First Published: August 2008
Contents: Hawkman #12 (February-March 1966) to #27 (August-September 1968); The Brave and the Bold #70 (February-March 1967); The Atom #31 (June-July 1967); and The Atom and Hawkman #39 (October-November 1968) to #45 (October-November 1969)
Key Creator Credits: Gardner Fox, Murphy Anderson, Dick Dillin, Bob Haney, Joe Kubert, Robert Kanigher, and others
Key First Appearances: Lion-Mane
Story Continues From: Showcase Presents Hawkman Vol. 1 and Showcase Presents The Atom Vol. 2
Overview: Welcome back to the ongoing adventures of Hawkman and Hawkgirl. Police officers Katar and Shayera Hol have travelled from Thanagar to make Earth their adoptive home. Posing as Carter and Shiera Hall, archeologists and curators at the Midway City Museum, our feathered heroes work to catch criminals and solve mysteries using a mix of extraterrestrial science and ancient Earth weapons.
Hawkman remains an interesting nexus point within the DC universe. As a Thanagarian, he is the ideal character to interact with Adam Strange, a man of two worlds (Earth and Rann). As a character written by Gardner Fox, it was natural for Hawkman to team up with the Atom, another Fox creation. As a member of the Justice League, there was no question that Hawkman would be crossing paths with Batman in the pages of The Brave and the Bold.
The foes of Hawkman remain somewhat weak in this collection. Seriously, how many people have even heard of Lion-Mane before? A highlight of this collection is Hawkman coming face-to-face with the Gentleman Ghost, a one-time foe of the Earth-2 Hawkman. Robert Kanigher, with Joe Kubert, created the Gentlemen Ghost for the Hawkman story in Flash Comics #88 (October 1947). Twenty-two years later, Kanigher once again found himself writing a Hawkman story and brought back the Ghost.
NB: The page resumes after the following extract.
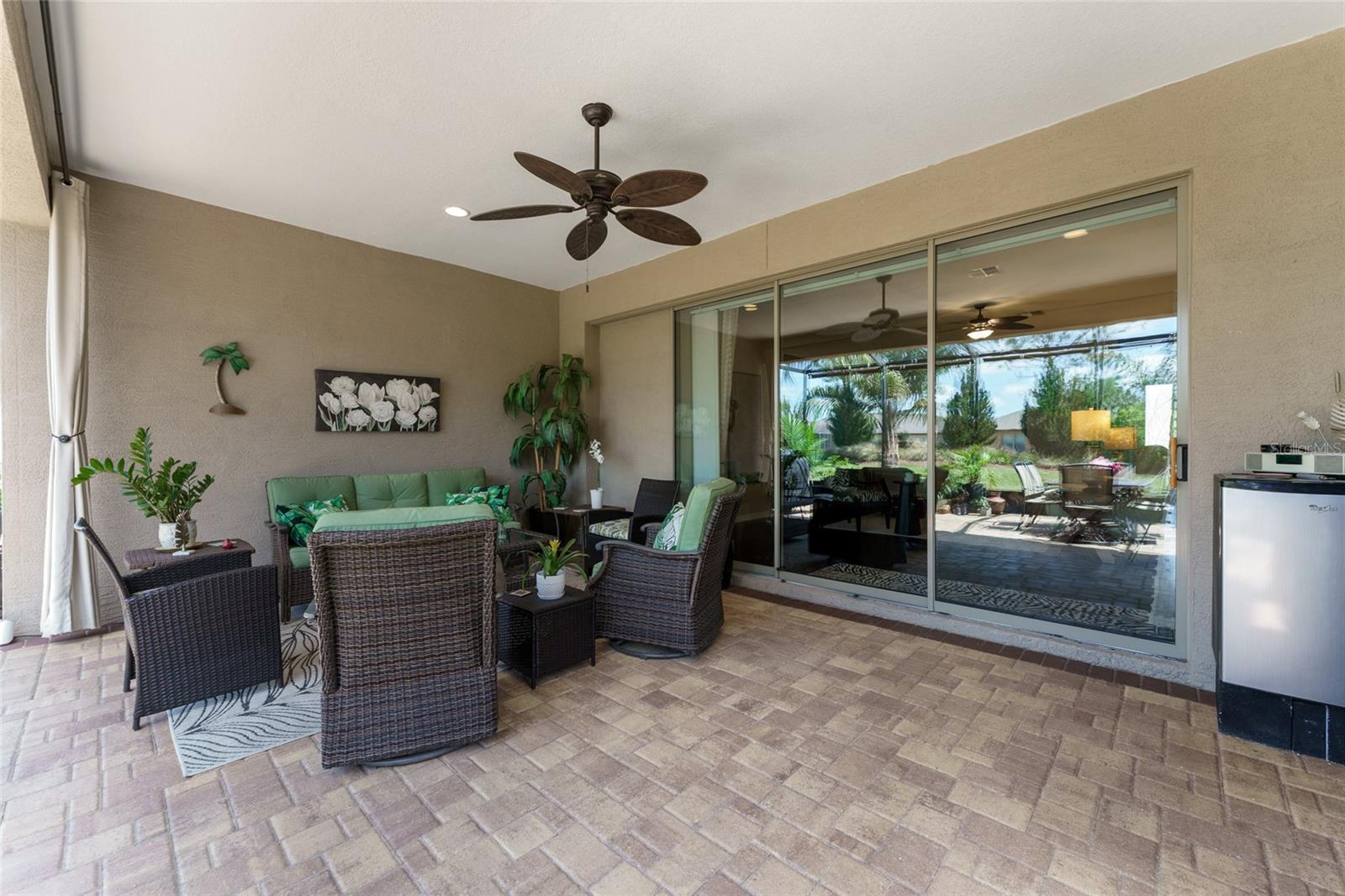 7855 SW 97TH CIR, OCALA, FL, 34481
In 1968, the Hawkman title came to an end with issue #27, but his stories were not done yet. Hawkman took his adventures to the Atom’s book the following issue, as The Atom was renamed The Atom and Hawkman with issue #39. This combined title ran for seven issues (on a bi-monthly publishing schedule). Three of the issues featured the two characters teaming up together in one story, while four of the issues featured each character in his own solo story.
Why should these stories be Showcased?: Well, on the plus side, I believe this is a better read than Volume 1. With that said, I still found this volume disappointing. The highlights of this collection are the issues where he teams up with other heroes, such as Batman, Atom, and Adam Strange. The problem is this is still a book featuring a solo character (no disrespect meant to Hawkgirl). If the solo stories are not entertaining, it’s hard to get through some of these issues. A lot of these tales feel very repetitive, such as an alien on the run from law enforcement and hiding on Earth, or an archeological dig uncovering a dormant creature. I want this to be so much better than it is! Read this is you are a Hawkman fan, or if you like Murphy Anderson’s art.
Footnotes: The Brave and the Bold #70 is also reprinted in Showcase Presents The Brave and the Bold Batman Team-Ups Vol. 1.
The Atom #31 is also reprinted in Showcase Presents The Atom Vol. 2.
If you like this volume, try: the Geoff Johns Hawkman omnibus, which collects the writer’s two-year run with the character from 2002-2004. In 2001, Johns brought back Hawkman from character limbo in the pages of JSA, doing his best to untangle the complicated history of the character over the last 20 years. That immediately prompted DC to green-light a new ongoing book. In this new series, Hawkman and Hawkgirl are reincarnated spirits dating back to ancient Egypt. The new Hawkman returns, and immediately proclaims his undying love for Hawkgirl. However, this Hawkgirl is Kendra Saunders, a great niece to Sheira Hall, the original Hawkgirl. Kendra has the memories from Sheira, but she does not have the feelings for Carter Hall. Hawkman and Hawkgirl develop a working partnership, which presents a different dynamic than what we have seen previously between these characters. The omnibus contains all of the Geoff Johns’ stories, which ran through issue #25. This volume of the Hawkman series ran for 49 issues, then changed direction and was renamed Hawkgirl with issue #50. The Hawkgirl title ran for another year, before ending with issue #66.